Official Video Highlights

The men's 100 metres sprint event at the 1972 Olympic Games in Munich, West Germany, was held at Olympiastadion on 31 August and 1 September. Eighty-five athletes from 55 nations competed. Each nation was limited to 3 athletes per rules in force since the 1930 Olympic Congress. The event was won by Valeriy Borzov of the Soviet Union, the first medal in the men's 100 metres for that nation. Jamaican Lennox Miller, silver medalist four years earlier, became the second man to make the podium twice in the event by taking bronze (after Ralph Metcalfe in 1932 and 1936).

This event is notable for the absence of favourites and world record holders Eddie Hart and Rey Robinson from their quarterfinal heats due to American sprint coach Stan Wright being given the wrong starting time. The three qualified American athletes, Robinson, Hart and Robert Taylor, were at the ABC television headquarters watching what they believed were replays of their morning preliminary races before being informed they were watching live coverage of the races they were scheduled to run in. The athletes rushed to the stadium, but Hart and Robinson, scheduled in the first two races, missed their heats, while Robert Taylor hurried to take off his warm up uniform before running his heat. An appeal by American officials to have Robinson and Hart run in another heat was rejected.

==Background==

This was the seventeenth time the event was held, having appeared at every Olympics since the first in 1896. Two finalists from 1968 returned: Lennox Miller of Jamaica and Jean-Louis Ravelomanantsoa of Madagascar. The favourite was Soviet Valeriy Borzov, the European champion.
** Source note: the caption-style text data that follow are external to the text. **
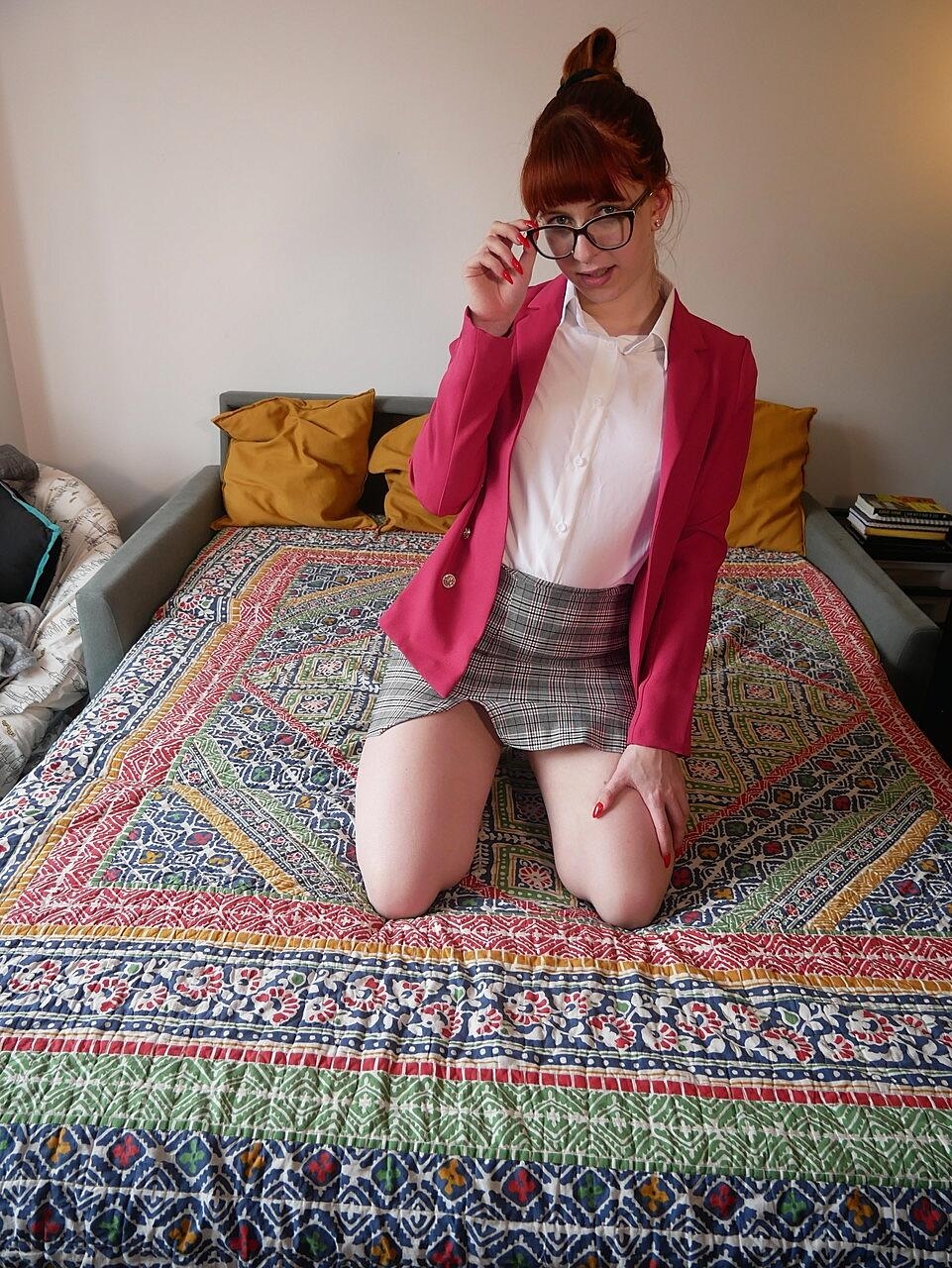 Geeky Amateur Ginger Spreads Her Legs And Shows Her Black Panties Amateur, Non-Nude, Redhead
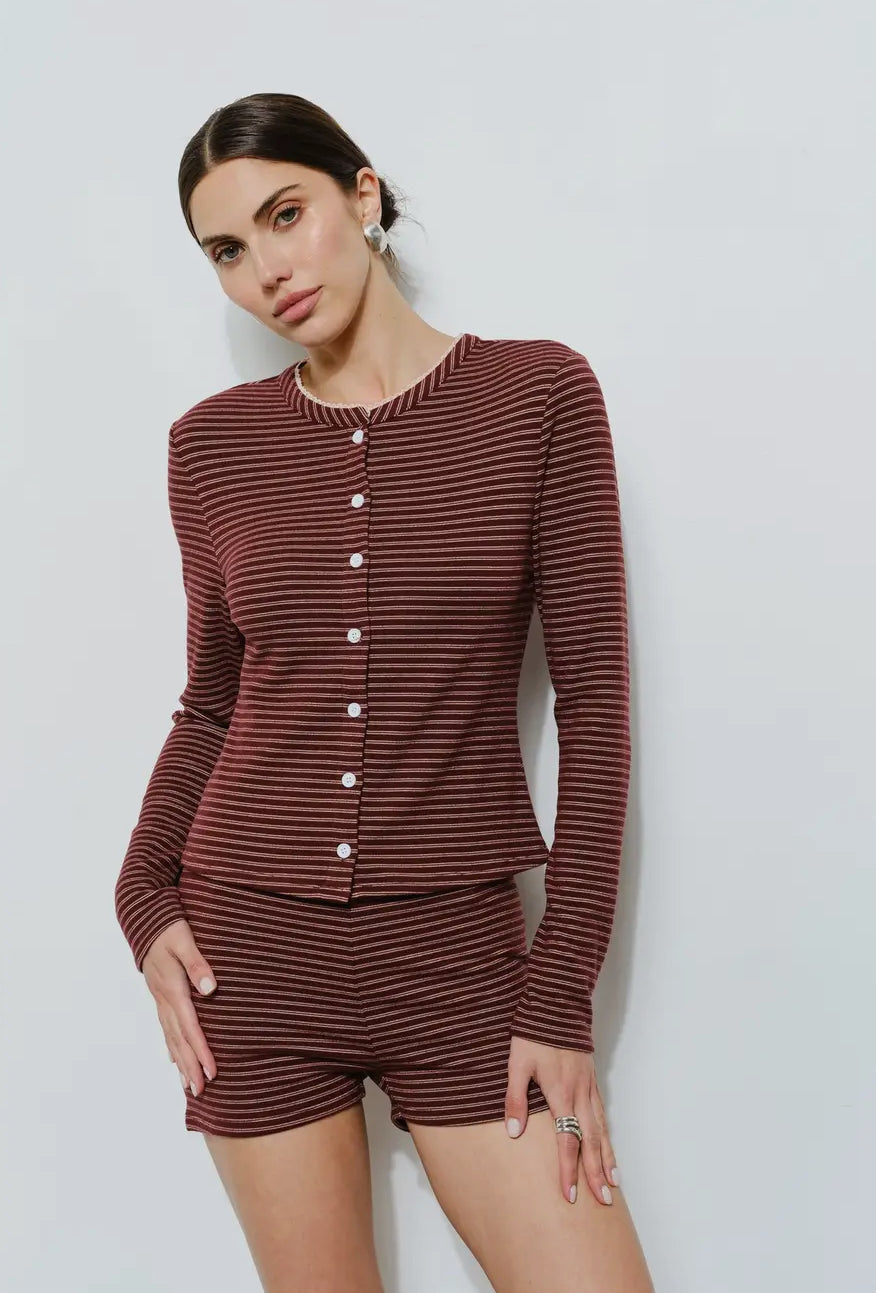 Renata Striped Pajama Short Set - Berry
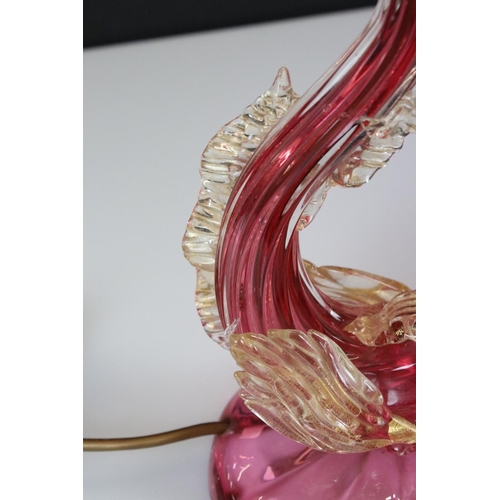 17 - Venetian Murano Pink and Gold Aventurine Glass Table Lamp in the form of a Fish, in the manner of Sa... 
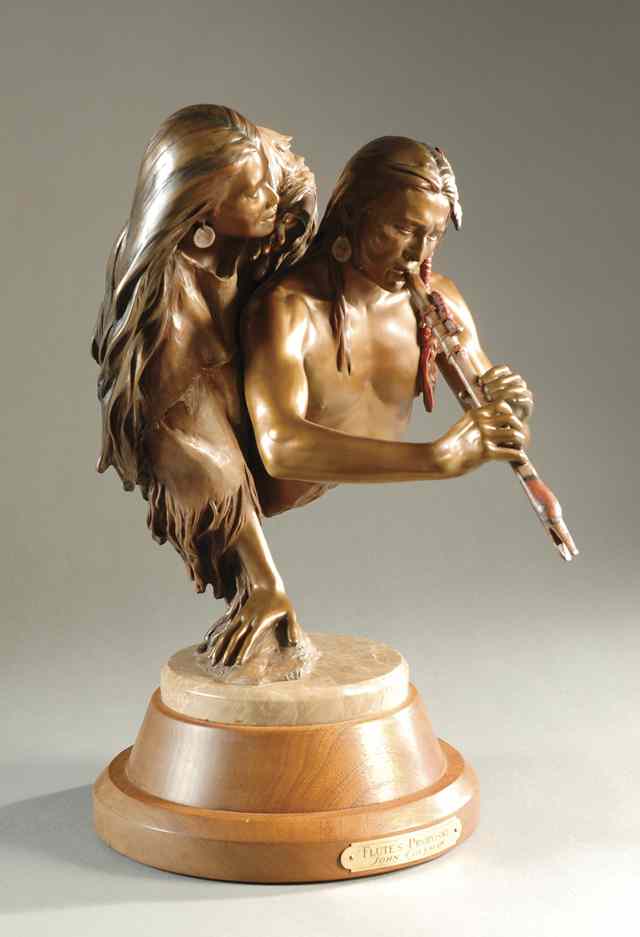 Appraisal: JOHN COLEMAN ORIGINAL BRONZE SCULPTURE Arizona California born titled ''Flute's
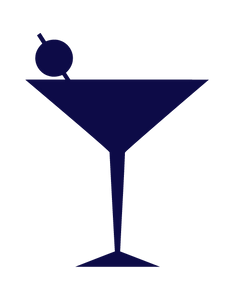 MARTINI GLASS WALL DECAL IN NAVY BLUE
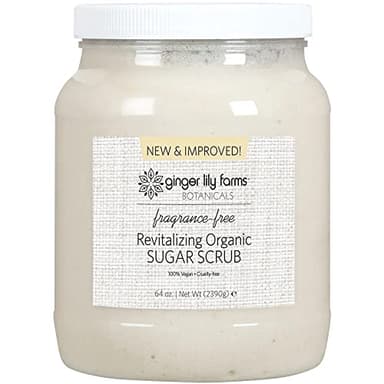 Ginger Lily Farms Botanicals Revitalizing Organic Sugar Scrub, All-Natural Skin Exfoliating Sugar Crystals, 100% Vegan & Cruelty-Free, Fragrance-Free, 64 oz.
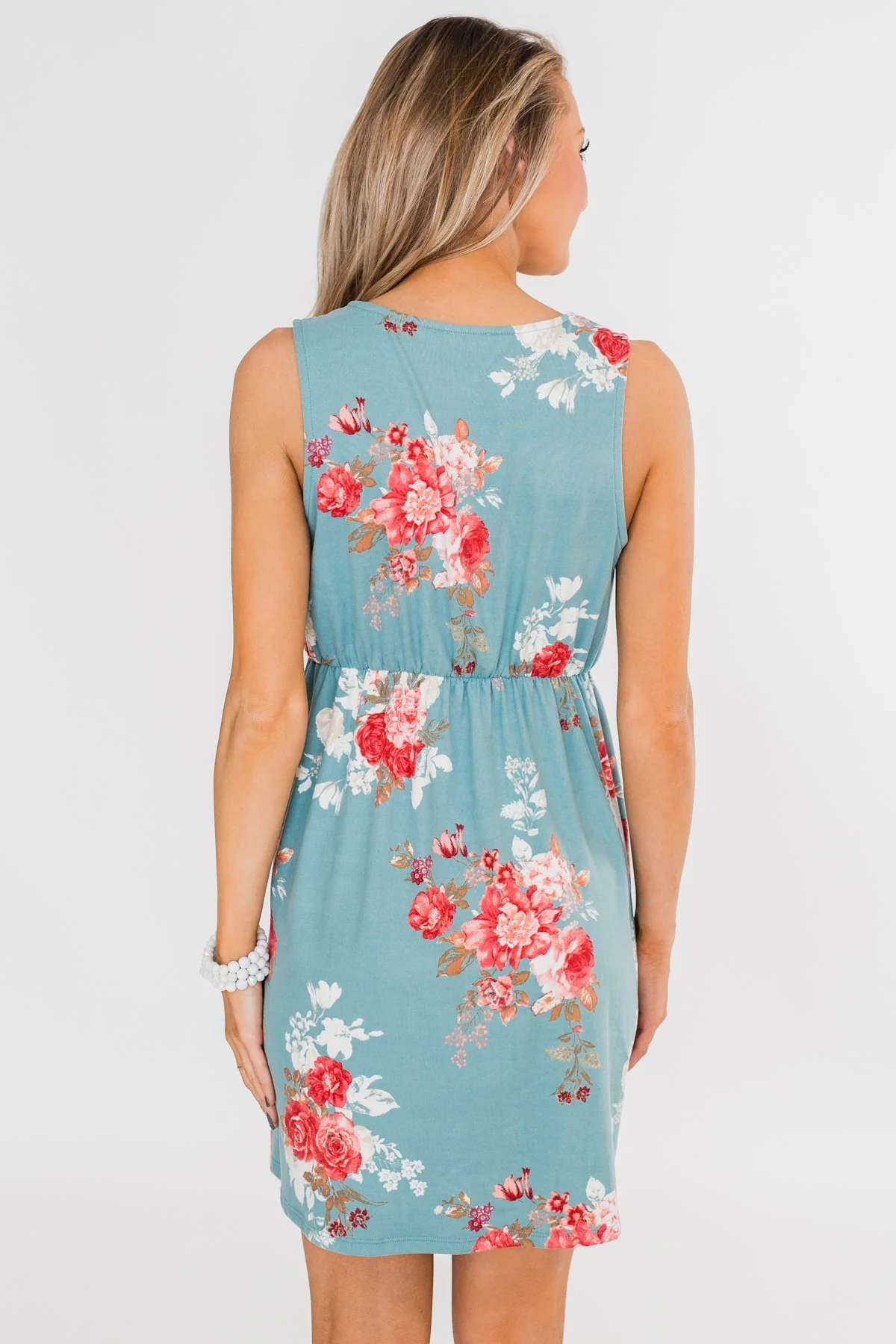 Soak Up The Sun Floral Dress- Antique Teal - Image 9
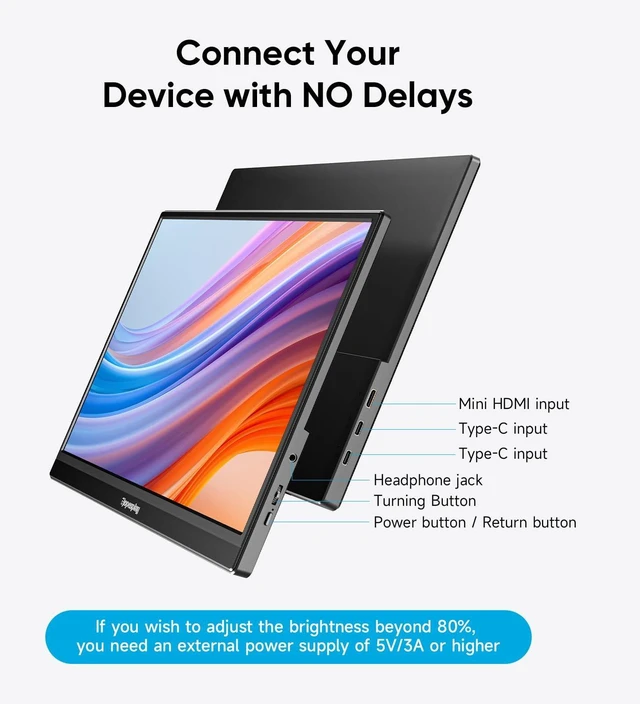 Alt view image 5 of 5 - Dopesplay 15.6" FHD 1080P Portable Monitor with Adjustable Stand, Black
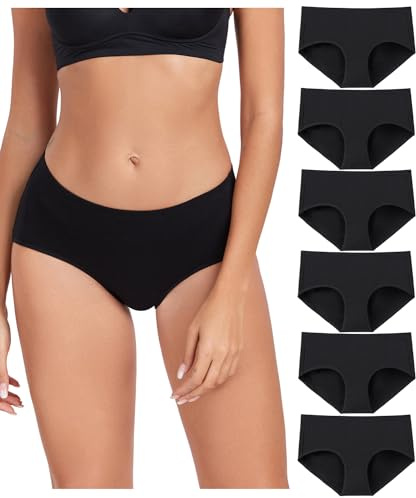 wirarpa Underwear Women Cotton Ladies Knickers Comfortable Pants for Women Full Coverage Briefs 6 Pack Black Size X-Small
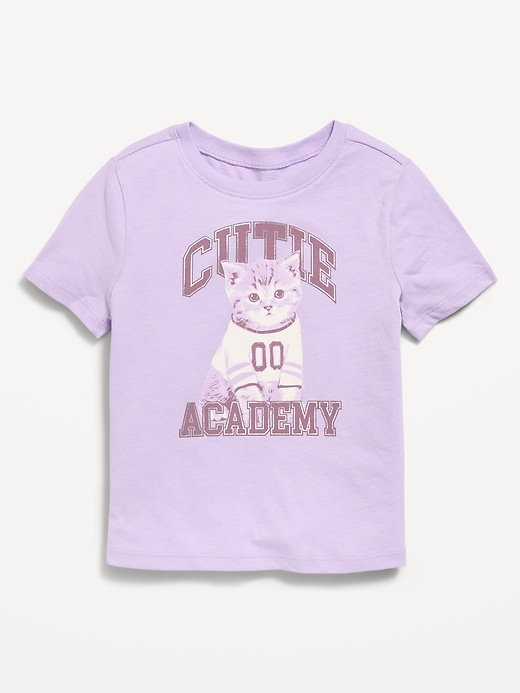 Image number 1 showing, Short-Sleeve Graphic T-Shirt for Toddler Girls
The American team was missing John Carlos, who had turned to professional football, but still had strong runners in Eddie Hart and Rey Robinson, who had matched the world record of 9.9 seconds in the U.S. Olympic trials, and Robert Taylor.

Thirteen nations appeared in the event for the first time: Bolivia, Cambodia (then Khmer Republic), Chad, Kuwait, Lesotho, Malawi, Mongolia, Paraguay, Saudi Arabia, Sri Lanka, Upper Volta, the Virgin Islands, and Zambia (though Northern Rhodesia had competed previously). The United States was the only nation to have appeared at each of the first seventeen Olympic men's 100 metres events.

==Competition format==
The event retained the same basic four round format introduced in 1920: heats, quarterfinals, semifinals, and a final. It also expanded the "fastest loser" system, introduced in 1968, to include the quarterfinals as well as the preliminary heats.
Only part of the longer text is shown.